WHAT NEEDS TO BE DONE: The word "Design" may appear in some lines of the data; copy every such line.

= = = =

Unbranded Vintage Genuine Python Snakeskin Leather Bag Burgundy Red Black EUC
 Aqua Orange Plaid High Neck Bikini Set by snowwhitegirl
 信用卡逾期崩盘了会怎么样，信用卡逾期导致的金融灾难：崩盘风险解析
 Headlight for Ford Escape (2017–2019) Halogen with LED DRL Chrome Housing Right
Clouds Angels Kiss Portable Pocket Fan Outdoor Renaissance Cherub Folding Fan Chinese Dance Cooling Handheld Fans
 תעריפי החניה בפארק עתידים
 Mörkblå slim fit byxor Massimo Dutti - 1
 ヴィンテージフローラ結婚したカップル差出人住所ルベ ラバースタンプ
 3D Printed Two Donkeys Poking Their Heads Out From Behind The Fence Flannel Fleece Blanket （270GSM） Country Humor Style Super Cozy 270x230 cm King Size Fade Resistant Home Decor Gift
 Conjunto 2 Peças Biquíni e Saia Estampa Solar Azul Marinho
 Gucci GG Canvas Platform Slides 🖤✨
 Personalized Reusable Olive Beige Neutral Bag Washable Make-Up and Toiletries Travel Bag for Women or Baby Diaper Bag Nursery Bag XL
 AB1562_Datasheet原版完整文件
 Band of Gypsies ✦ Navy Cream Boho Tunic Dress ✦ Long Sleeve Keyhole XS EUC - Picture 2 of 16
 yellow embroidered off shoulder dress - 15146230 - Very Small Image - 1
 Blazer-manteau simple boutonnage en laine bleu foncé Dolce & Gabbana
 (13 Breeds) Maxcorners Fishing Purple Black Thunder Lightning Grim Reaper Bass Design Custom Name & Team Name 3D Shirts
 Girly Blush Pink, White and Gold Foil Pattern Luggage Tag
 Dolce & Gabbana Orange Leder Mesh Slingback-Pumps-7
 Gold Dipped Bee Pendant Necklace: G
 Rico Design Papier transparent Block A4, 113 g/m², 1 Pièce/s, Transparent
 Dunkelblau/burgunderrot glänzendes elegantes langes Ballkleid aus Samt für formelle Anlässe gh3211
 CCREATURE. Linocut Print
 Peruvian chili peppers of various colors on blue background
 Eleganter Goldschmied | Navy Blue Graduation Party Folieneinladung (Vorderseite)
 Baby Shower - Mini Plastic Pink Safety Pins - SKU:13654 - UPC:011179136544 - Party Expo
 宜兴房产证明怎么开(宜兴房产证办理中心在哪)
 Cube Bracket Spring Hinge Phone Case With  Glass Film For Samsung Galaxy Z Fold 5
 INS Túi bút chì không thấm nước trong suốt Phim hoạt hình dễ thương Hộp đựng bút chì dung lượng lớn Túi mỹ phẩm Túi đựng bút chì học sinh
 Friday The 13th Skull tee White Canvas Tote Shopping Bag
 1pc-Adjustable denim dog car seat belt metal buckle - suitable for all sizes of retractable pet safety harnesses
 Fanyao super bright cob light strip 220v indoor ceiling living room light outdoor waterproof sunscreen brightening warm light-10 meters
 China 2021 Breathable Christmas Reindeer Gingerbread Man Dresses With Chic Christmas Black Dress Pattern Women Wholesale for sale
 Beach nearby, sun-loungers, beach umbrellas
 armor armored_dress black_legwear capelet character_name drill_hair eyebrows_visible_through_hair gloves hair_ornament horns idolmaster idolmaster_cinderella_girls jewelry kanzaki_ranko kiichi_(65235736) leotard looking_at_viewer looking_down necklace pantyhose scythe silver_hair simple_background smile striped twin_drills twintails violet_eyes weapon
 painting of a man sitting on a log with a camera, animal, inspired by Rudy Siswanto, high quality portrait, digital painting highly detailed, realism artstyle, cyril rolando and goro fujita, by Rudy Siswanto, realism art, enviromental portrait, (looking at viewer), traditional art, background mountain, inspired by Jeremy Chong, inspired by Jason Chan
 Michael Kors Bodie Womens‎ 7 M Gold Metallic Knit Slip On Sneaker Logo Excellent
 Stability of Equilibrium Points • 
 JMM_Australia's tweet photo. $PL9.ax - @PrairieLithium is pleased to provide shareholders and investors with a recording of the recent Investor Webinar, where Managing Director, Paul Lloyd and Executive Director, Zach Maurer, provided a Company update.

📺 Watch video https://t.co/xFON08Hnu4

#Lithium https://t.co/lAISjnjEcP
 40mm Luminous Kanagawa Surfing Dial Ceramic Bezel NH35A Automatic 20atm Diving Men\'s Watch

= = = =

TASK ANSWER:
 (13 Breeds) Maxcorners Fishing Purple Black Thunder Lightning Grim Reaper Bass Design Custom Name & Team Name 3D Shirts
 Rico Design Papier transparent Block A4, 113 g/m², 1 Pièce/s, Transparent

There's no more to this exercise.